- Data in this exercise:
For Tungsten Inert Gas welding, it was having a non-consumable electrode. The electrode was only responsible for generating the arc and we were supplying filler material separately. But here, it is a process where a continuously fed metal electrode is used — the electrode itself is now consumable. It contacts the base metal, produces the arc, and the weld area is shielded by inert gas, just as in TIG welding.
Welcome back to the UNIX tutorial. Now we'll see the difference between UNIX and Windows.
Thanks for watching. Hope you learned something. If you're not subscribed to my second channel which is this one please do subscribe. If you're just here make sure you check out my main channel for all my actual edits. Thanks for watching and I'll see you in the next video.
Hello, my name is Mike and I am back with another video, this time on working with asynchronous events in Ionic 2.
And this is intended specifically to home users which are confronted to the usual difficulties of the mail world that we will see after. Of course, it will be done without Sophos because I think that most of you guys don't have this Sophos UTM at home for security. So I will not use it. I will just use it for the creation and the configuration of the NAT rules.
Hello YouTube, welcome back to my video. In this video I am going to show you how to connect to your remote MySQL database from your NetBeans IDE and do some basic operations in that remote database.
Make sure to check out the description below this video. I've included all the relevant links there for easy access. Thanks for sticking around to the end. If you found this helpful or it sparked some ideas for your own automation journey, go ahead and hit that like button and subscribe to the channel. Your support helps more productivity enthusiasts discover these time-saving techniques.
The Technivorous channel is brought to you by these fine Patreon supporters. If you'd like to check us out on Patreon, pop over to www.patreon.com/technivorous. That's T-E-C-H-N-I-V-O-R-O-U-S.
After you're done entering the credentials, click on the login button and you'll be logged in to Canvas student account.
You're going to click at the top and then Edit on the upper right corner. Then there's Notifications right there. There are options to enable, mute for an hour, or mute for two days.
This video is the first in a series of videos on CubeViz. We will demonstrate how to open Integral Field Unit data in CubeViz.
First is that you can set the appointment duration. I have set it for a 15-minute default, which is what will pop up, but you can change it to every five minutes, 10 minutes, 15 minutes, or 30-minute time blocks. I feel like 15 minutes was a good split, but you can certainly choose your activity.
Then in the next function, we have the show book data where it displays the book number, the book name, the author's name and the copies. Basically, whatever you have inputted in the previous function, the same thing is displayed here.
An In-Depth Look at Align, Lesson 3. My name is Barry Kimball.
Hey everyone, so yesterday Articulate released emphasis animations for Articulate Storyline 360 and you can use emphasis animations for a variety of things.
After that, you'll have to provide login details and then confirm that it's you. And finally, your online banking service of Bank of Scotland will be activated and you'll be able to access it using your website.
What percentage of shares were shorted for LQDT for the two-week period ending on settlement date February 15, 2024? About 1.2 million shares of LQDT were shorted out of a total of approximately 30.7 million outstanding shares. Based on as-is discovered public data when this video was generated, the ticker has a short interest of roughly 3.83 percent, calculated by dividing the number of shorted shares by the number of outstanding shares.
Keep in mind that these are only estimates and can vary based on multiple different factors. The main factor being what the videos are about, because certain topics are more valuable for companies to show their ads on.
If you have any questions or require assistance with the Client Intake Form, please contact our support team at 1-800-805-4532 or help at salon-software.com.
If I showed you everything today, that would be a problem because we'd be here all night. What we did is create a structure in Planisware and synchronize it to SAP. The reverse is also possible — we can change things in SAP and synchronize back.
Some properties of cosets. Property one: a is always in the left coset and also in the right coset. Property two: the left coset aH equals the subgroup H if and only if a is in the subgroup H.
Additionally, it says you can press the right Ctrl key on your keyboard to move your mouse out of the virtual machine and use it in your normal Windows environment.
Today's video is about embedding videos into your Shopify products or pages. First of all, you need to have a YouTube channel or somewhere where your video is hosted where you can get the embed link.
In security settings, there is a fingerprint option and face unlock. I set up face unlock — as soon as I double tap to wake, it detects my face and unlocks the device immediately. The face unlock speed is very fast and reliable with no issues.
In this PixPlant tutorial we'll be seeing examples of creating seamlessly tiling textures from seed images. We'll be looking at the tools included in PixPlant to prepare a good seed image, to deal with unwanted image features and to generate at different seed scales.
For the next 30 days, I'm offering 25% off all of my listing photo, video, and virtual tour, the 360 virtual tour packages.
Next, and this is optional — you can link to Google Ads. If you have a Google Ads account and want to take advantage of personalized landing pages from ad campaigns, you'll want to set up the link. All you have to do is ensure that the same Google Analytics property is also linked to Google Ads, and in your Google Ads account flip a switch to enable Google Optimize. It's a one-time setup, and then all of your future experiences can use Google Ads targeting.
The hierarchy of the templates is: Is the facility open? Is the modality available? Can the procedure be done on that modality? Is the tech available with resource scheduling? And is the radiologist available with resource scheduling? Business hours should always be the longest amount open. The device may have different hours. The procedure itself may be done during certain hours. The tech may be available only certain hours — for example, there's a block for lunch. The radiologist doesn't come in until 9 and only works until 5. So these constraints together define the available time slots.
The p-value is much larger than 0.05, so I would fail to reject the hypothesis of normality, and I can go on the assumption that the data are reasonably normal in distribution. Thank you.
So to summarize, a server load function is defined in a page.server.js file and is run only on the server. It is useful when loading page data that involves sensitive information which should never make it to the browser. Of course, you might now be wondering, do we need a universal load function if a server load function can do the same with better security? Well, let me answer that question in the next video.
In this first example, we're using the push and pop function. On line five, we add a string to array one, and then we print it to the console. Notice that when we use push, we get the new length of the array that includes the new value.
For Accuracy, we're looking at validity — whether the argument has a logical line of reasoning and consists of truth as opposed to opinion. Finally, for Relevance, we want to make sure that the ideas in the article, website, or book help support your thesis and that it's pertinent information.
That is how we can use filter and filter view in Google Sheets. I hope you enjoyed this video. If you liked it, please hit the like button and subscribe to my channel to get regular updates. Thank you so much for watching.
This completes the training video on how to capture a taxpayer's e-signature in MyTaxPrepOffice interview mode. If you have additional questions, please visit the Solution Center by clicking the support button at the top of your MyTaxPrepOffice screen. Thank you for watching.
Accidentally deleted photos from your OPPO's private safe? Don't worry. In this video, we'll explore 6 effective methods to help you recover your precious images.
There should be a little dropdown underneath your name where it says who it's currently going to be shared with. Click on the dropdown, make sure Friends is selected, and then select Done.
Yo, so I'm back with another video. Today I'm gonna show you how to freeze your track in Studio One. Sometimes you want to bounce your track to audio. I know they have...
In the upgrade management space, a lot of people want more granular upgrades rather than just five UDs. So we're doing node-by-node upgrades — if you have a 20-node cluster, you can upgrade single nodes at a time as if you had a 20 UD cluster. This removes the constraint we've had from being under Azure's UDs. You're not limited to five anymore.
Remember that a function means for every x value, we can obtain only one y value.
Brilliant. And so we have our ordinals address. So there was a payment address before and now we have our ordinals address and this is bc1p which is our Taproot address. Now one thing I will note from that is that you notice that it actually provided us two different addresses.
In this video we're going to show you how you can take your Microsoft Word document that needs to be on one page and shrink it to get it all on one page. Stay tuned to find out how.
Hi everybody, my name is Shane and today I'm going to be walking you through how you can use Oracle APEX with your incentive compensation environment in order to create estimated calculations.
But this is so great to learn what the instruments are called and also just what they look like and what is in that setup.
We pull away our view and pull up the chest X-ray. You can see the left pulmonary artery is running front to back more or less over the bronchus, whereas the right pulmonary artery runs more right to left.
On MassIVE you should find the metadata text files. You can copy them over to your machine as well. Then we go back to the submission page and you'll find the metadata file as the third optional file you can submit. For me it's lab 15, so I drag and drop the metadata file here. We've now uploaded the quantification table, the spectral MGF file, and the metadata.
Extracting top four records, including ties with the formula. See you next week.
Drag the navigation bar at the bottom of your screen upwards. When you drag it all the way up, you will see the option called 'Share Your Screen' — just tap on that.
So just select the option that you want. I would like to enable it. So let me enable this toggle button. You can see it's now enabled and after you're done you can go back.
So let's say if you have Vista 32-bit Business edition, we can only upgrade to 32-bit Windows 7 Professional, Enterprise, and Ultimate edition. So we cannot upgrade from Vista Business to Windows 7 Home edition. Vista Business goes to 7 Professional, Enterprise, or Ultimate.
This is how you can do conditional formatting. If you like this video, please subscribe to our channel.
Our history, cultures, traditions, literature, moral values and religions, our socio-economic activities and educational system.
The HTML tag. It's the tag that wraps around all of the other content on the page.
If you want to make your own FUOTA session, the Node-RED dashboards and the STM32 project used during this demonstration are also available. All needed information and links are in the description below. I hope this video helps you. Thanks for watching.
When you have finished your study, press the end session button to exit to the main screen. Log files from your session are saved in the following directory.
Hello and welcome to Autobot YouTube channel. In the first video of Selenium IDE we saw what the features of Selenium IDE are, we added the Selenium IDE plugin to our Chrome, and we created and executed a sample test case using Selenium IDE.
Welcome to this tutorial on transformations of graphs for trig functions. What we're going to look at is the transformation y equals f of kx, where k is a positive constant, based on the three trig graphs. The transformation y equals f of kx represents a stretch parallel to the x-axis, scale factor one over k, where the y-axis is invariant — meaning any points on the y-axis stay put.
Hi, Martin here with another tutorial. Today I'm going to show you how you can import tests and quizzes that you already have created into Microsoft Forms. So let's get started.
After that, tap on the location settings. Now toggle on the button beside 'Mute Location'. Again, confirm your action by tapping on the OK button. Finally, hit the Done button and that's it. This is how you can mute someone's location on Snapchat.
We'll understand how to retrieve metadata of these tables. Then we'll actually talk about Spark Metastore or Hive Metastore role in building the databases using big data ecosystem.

- What you need to do:
Where the line containing "After that, tap" appears, start copying, and go on exactly through the last line of the data.

- Answer to this exercise:
After that, tap on the location settings. Now toggle on the button beside 'Mute Location'. Again, confirm your action by tapping on the OK button. Finally, hit the Done button and that's it. This is how you can mute someone's location on Snapchat.
We'll understand how to retrieve metadata of these tables. Then we'll actually talk about Spark Metastore or Hive Metastore role in building the databases using big data ecosystem.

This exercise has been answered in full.